Mengutip data Bloomberg, Rupiah masih sempat menguat usai pembukaan ke level Rp 13.326 per USD. Tak bertahan lama, Rupiah kembali melemah dan saat ini berada di Rp 13.333 per USD.

Sebelumnya, Gubernur Bank Indonesia Agus Martowardojo mengatakan nilai tukar Rupiah bergerak relatif stabil dengan kecenderungan menguat di tengah peningkatan ketidakpastian terkait arah kebijakan AS. Rupiah sempat mengalami tekanan pada triwulan IV-2016, secara point to point Rupiah melemah sebesar 3,13 persen menjadi Rp 13.473 per USD.

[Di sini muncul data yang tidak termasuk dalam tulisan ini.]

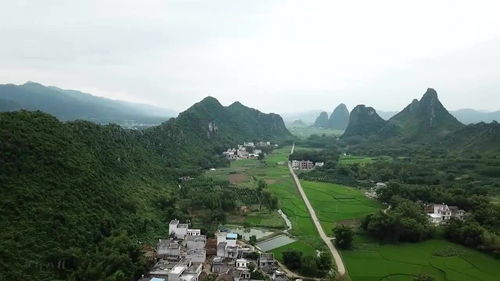 有先生道明此地有风水宝地,你能一眼定出在什么地方吗 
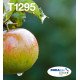Epson Apple Multipack 4-colours T129 EasyMail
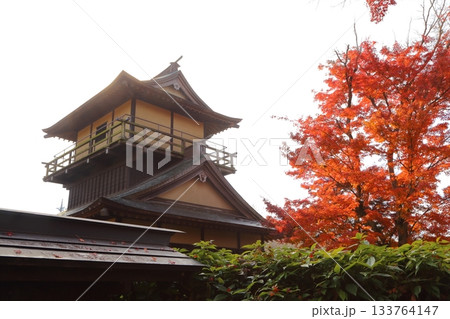 真っ赤な紅葉と逆井城の二層櫓 真っ赤な紅葉と逆井城の二層櫓 133764147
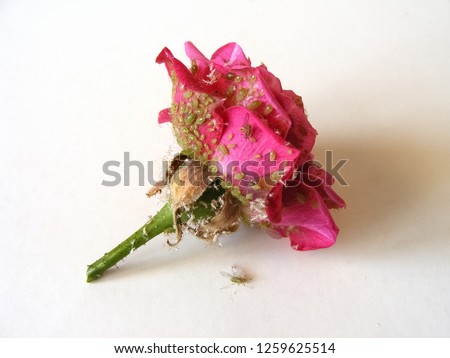 Rose pests - Macrosiphum rosae. Rosy flower on a white background with a pest colony.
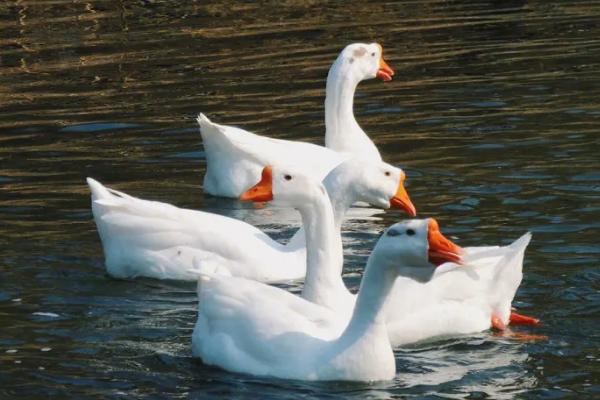 鹅是不是蛇类的天敌,不是天敌关系但蛇类比较怕鹅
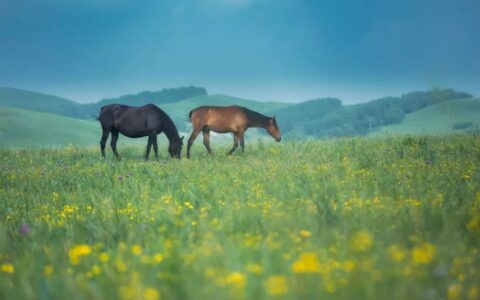 马的古诗有哪些（6首关于马的古诗词）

"Tekanan terhadap Rupiah antara lain berasal dari meningkatnya ketidakpastian global terkait Pilpres AS, kenaikan FFR dan meningkatnya kebutuhan USD untuk pembayaran utang luar negeri pada akhir tahun," ujar Agus di Gedung Bank Indonesia, Jakarta, seperti mengutip merdeka.com.

Namun demikian, Agus mengatakan Rupiah kembali menguat sebesar 0,9 persen menjadi Rp 13.352 pada Januari 2017. Penguatan ini seiring dengan aliran modal asing yang kembali masuk ditopang oleh persepsi positif investor terhadap perekonomian domestik.

"Ke depan, Bank Indonesia akan terus mewaspadai perkembangan risiko ketidakpastian keuangan global dan tetap melakukan langkah-langkah stabilisasi nilai tukar agar sesuai fundamental dengan tetap menjaga bekerjanya mekanisme pasar," katanya.